Begin with the line holding "Canlıların yüzde 97'sinin" and end with the last line of the records below. Set down exactly those lines and leave out every picture.

-=-=-

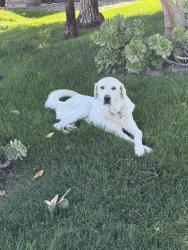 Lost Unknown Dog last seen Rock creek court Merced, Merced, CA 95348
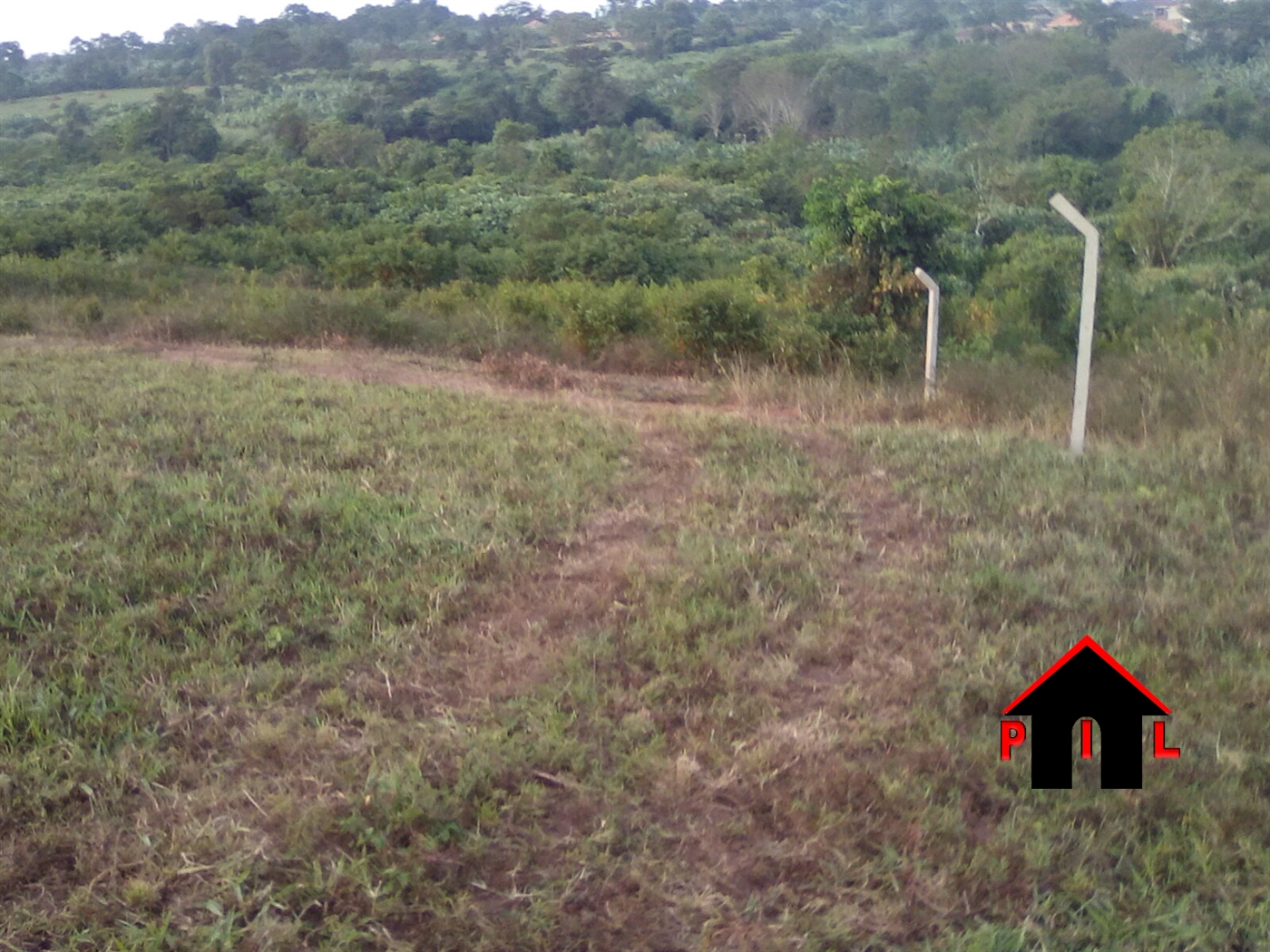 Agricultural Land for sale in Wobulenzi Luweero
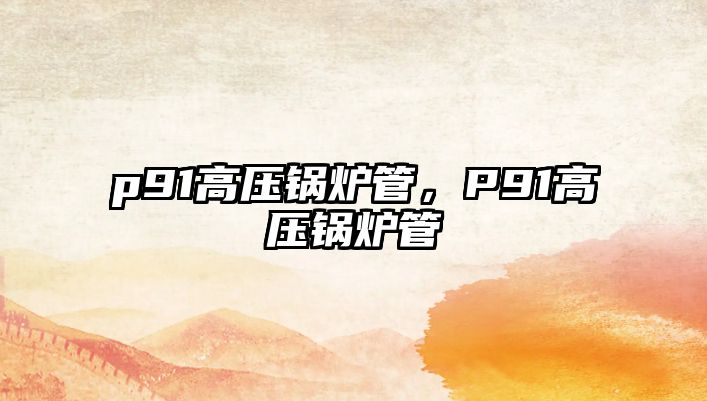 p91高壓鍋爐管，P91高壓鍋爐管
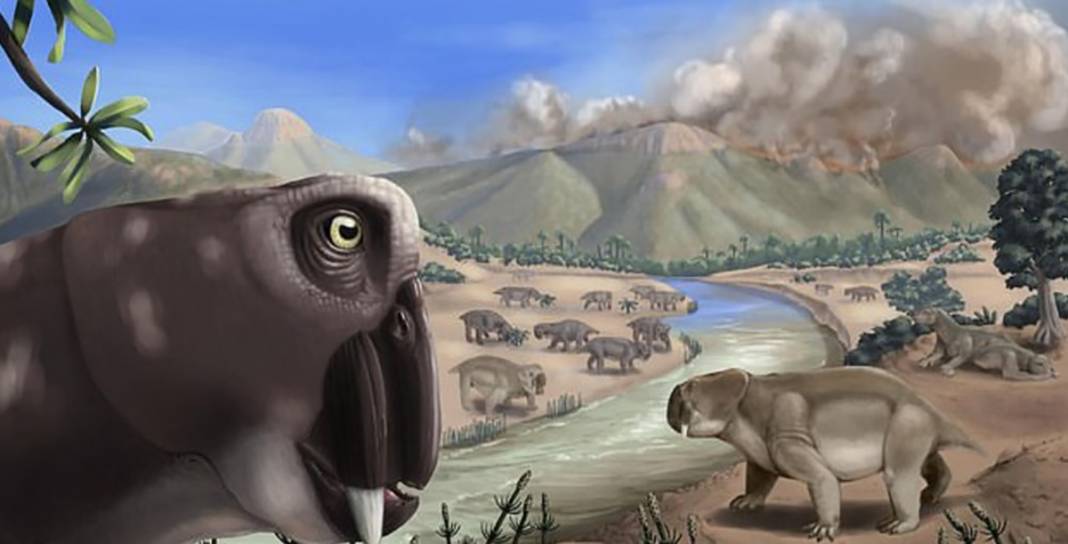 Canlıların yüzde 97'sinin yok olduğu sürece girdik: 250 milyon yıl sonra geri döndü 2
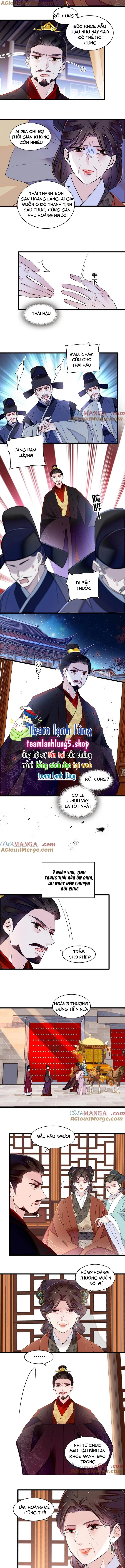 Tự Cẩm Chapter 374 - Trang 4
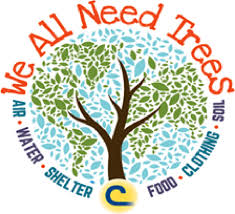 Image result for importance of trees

-=-=-

TASK OUTPUT:
 Canlıların yüzde 97'sinin yok olduğu sürece girdik: 250 milyon yıl sonra geri döndü 2
 Tự Cẩm Chapter 374 - Trang 4
 Image result for importance of trees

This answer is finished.